Separation of ownership and control occurs in its purest form in the truly public corporation in which stock ownership is dispersed amongst many shareholders, no one of whom owns enough shares to materially affect the corporation’s management. As Professors Berle and Means famously explained: “The separation of ownership from control produces a condition where the interests of owner and of ultimate manager may, and often do, diverge ....” Adolf A. Berle and Gardiner C. Means, The Modern Corporation and Private Property 6 (1932). Preventing such divergences, or at least minimizing their effects, has been the primary concern of scholars and regulators. Enron stands as a classic example that, despite all our work, unscrupulous managers can still - and always will - use their control over such corporations to benefit themselves at the expense of their shareholders (not to mention creditors, employees, and other stakeholders).
Yet, not all publicly held corporations exhibit a complete separation of ownership and control. Some public corporations have a single shareholder (or a small cohesive group of shareholders acting together) who own a majority of the voting stock of the corporation. Many more have a single shareholder or group who owns less than a majority but nevertheless ows a sufficiently large block to give it effective voting control. (The classic example is John D. Rockefeller, Jr.’s struggle to oust the chairman of the board of Standard Oil of Indiana. Rockefeller controlled only 14.9% of Standard Oil’s stock. After an admittedly long and difficult contest, however, Rockefeller ultimately prevailed in attracting enough support from other shareholders to ust the chairman.)
The presence of a controlling shareholder solves the classic separation of ownership and control agency problem. Managers who pursue their own self-interest will be displaced by the controlling shareholder.
Yet, the presence of a controlling shareholder introduces a new divergence of interest; namely, that between the majority shareholder and the minority shareholders. Precisely because of the power exercised by a controlling shareholder over management, it is very easy for the controlling shareholder to extract non-pro rata benefits for itself at the expense of the minority. At Hollinger, for example, Lord Conrad Black allegedly not only caused the corporation to pay large management fees to companies controlled by hom or his cronies, but also caused the company to spend $8 million of its own money to buy FDR historical papers Black then used in writing his FDR biography. If the prosecutors are right, Parmalat controlling shareholder and CEO Tanzi joined that club sometime ago.
Because of the potshots some European comentators took at Anglo-Saxon capitalism after Enron, it is tempting to make much of the Parmalat scandal (even for me). Yet, in truth, there is no room for jingoism in this context. The problem of majority shareholder abuses is no respecter of national boundaries. In juxtaposition to Parmalat, for example, one could cite the Anglo-US example of Hollinger, or the domestic US example of Adelphia.

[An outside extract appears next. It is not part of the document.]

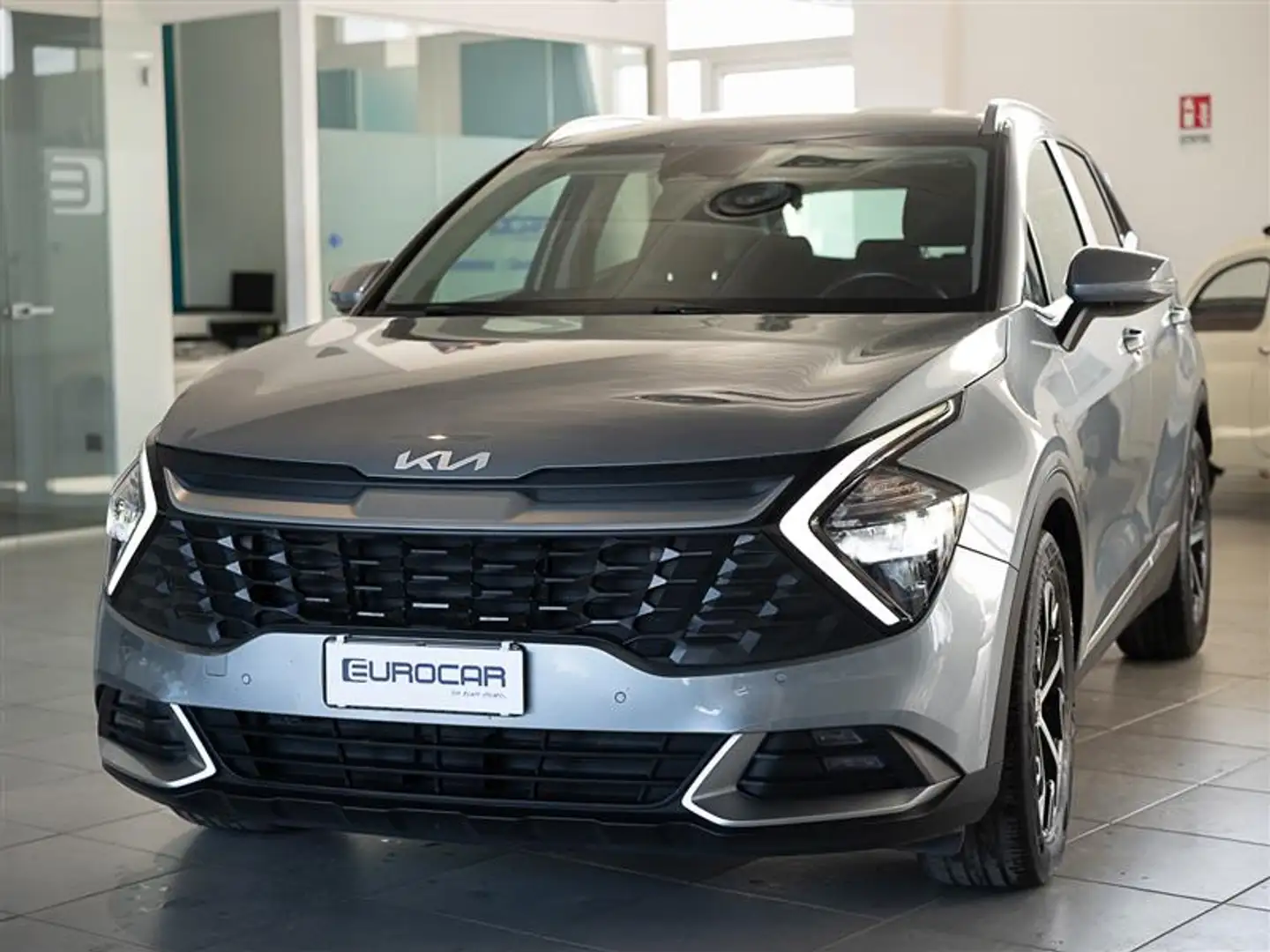 Kia Sportage Style 1.6 135Cv 36 mesi garanzia Gris - 1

There are no easy solutions to the problem of dealing with a controlling shareholder. Forcing a majority shareholder to give up control is no answer, both because of the enfringement on contract and property rights and because it solves one governance problem by restoring the agency problem associated with dispersed ownership. Transparent accounting rules is key, but enforcement is a problem. Accounting fraud will be with us as long as there are unscrupulous businessmen and dishonest or incompetent lawyers and auditors. Attempts to drive out every last residue of fraud are more likely to burden honest corporations with undue regulations than to prevent bad actors from acting badly. Instead, what we should strive for is a cost-effect system of better accounting rules and responsible enforcement that strives only to reduce the problem to manageable proportions.